__Problem to solve__. When you reach the line with "Vidaxl Tente De", start repeating the lines exactly and keep going to the end of the records, but drop every picture.

(Stored entries)

========

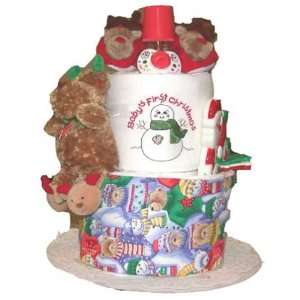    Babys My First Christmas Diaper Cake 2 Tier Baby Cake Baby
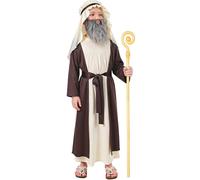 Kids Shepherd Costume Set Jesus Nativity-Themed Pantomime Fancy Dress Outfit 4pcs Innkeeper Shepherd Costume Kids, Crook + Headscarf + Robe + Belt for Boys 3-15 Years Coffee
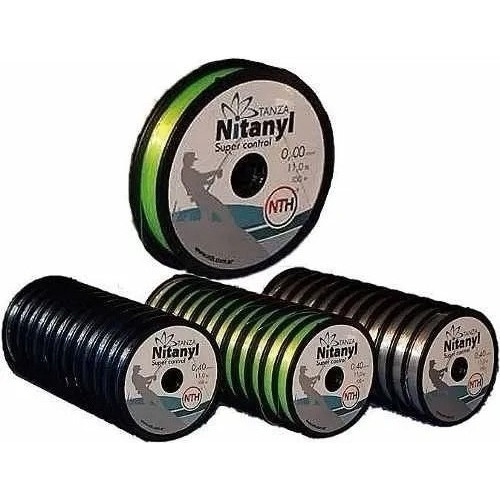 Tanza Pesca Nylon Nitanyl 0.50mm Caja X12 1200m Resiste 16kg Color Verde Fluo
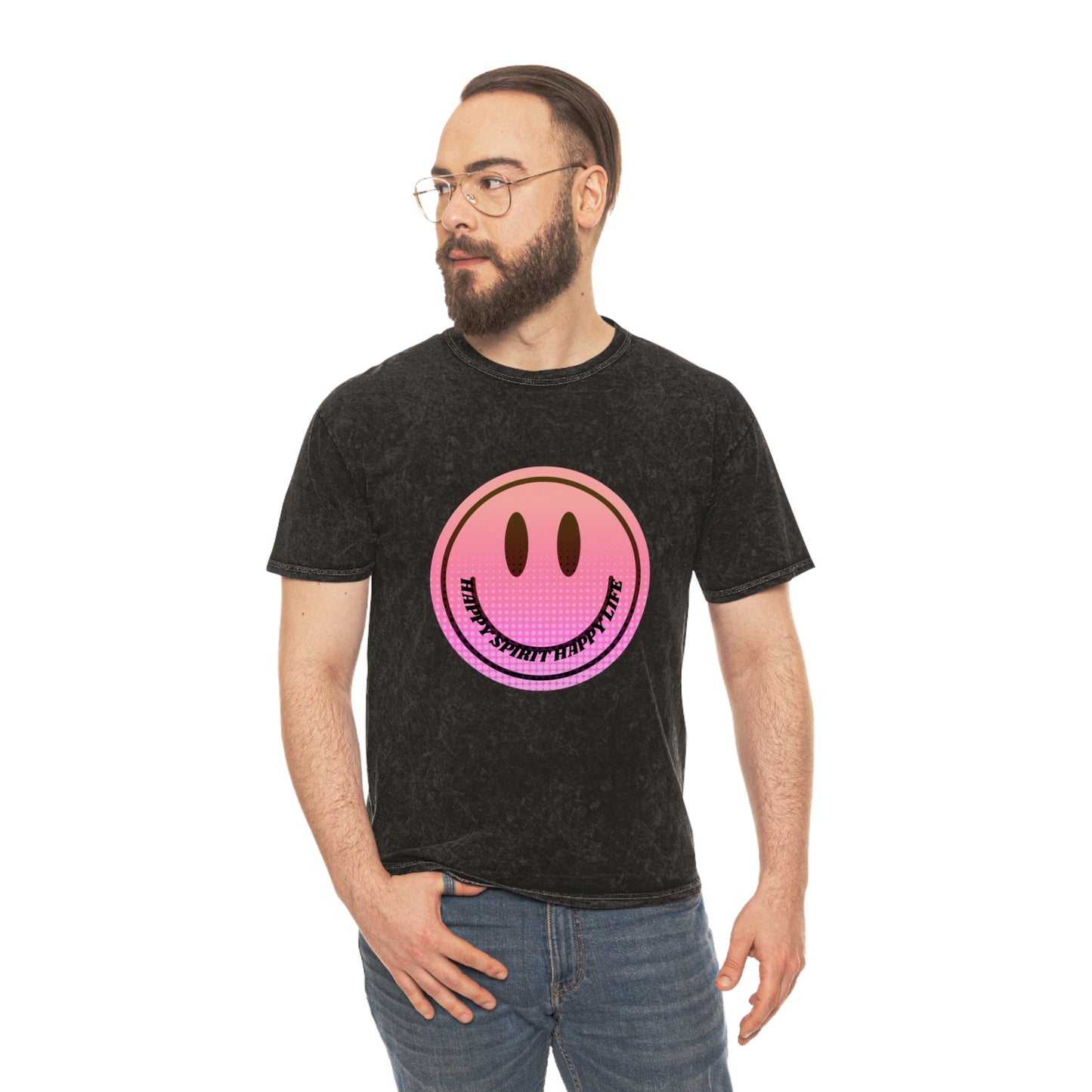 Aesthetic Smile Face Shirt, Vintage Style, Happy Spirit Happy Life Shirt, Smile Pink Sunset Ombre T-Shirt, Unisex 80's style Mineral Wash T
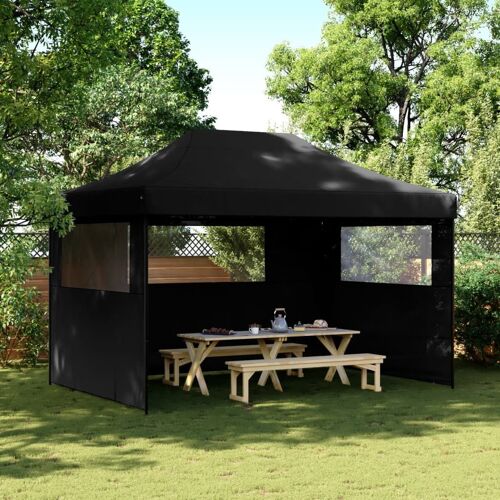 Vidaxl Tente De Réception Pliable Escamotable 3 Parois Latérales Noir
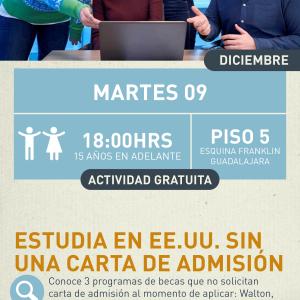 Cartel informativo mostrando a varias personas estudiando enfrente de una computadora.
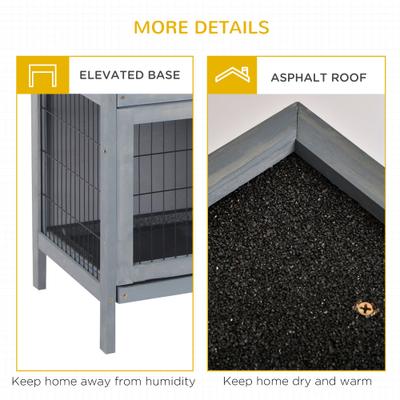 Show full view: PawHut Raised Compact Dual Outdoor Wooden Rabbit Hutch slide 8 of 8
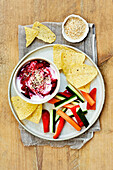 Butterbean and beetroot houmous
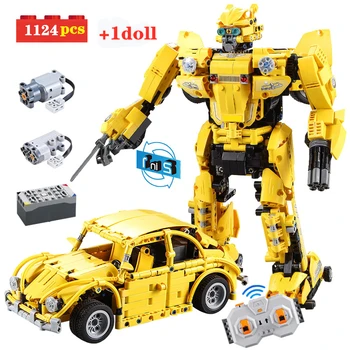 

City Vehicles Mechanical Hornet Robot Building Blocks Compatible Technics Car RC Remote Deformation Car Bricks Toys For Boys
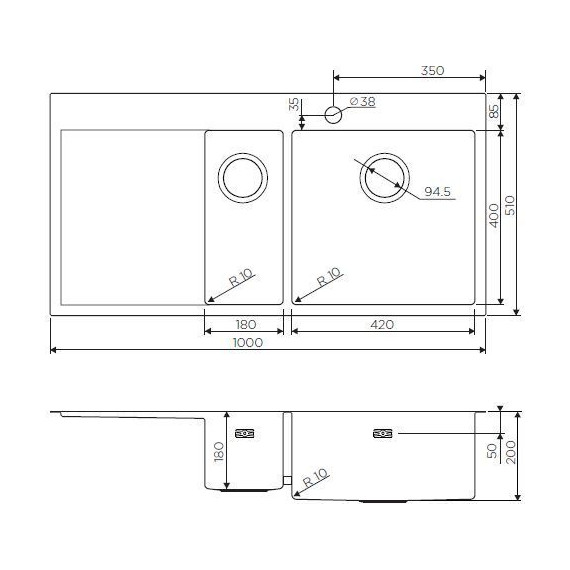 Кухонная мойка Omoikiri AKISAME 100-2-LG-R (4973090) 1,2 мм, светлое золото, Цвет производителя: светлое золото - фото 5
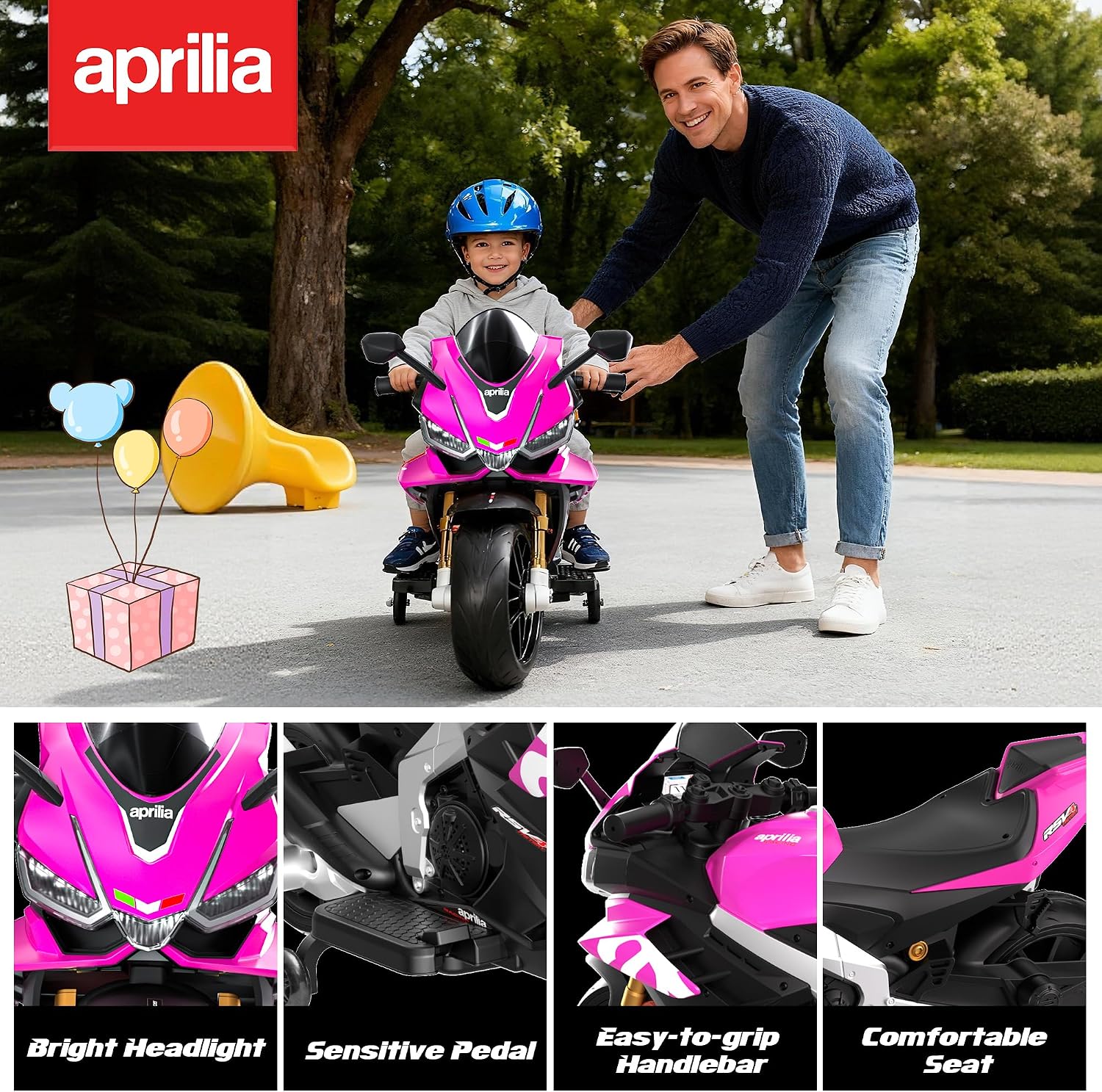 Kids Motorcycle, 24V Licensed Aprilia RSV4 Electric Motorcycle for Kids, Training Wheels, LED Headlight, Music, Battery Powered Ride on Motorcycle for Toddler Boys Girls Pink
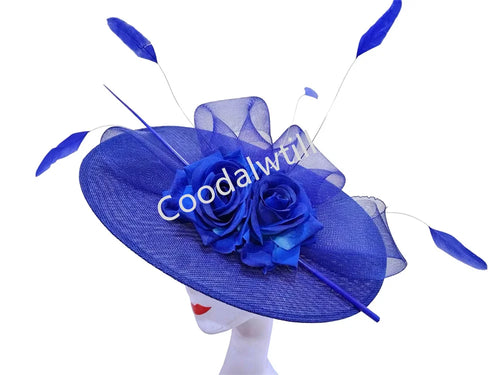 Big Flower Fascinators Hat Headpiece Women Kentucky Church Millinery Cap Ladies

========

__Written answer__.
 Vidaxl Tente De Réception Pliable Escamotable 3 Parois Latérales Noir
 Cartel informativo mostrando a varias personas estudiando enfrente de una computadora.
 Show full view: PawHut Raised Compact Dual Outdoor Wooden Rabbit Hutch slide 8 of 8
 Butterbean and beetroot houmous

City Vehicles Mechanical Hornet Robot Building Blocks Compatible Technics Car RC Remote Deformation Car Bricks Toys For Boys
 Кухонная мойка Omoikiri AKISAME 100-2-LG-R (4973090) 1,2 мм, светлое золото, Цвет производителя: светлое золото - фото 5
 Kids Motorcycle, 24V Licensed Aprilia RSV4 Electric Motorcycle for Kids, Training Wheels, LED Headlight, Music, Battery Powered Ride on Motorcycle for Toddler Boys Girls Pink
 Big Flower Fascinators Hat Headpiece Women Kentucky Church Millinery Cap Ladies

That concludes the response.